▸ **TASK TO COMPLETE**: Give an exact copy of the line that has "A living room" and of every line below it, through the last, with nothing else.

▸ **EXTRACTED MATERIAL**:
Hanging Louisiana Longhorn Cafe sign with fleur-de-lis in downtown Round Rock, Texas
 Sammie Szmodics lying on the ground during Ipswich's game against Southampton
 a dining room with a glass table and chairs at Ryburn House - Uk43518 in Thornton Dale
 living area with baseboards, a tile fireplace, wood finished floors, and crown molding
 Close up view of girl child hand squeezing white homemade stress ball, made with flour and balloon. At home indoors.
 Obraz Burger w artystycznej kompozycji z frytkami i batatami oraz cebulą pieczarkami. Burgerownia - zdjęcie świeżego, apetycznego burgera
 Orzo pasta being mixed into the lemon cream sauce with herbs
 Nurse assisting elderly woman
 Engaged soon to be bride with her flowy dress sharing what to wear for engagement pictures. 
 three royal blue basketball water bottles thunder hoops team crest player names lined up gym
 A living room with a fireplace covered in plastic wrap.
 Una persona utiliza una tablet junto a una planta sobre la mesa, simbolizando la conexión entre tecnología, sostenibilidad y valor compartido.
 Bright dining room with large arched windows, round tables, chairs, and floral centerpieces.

▸ **FINISHED EXERCISE**:
 A living room with a fireplace covered in plastic wrap.
 Una persona utiliza una tablet junto a una planta sobre la mesa, simbolizando la conexión entre tecnología, sostenibilidad y valor compartido.
 Bright dining room with large arched windows, round tables, chairs, and floral centerpieces.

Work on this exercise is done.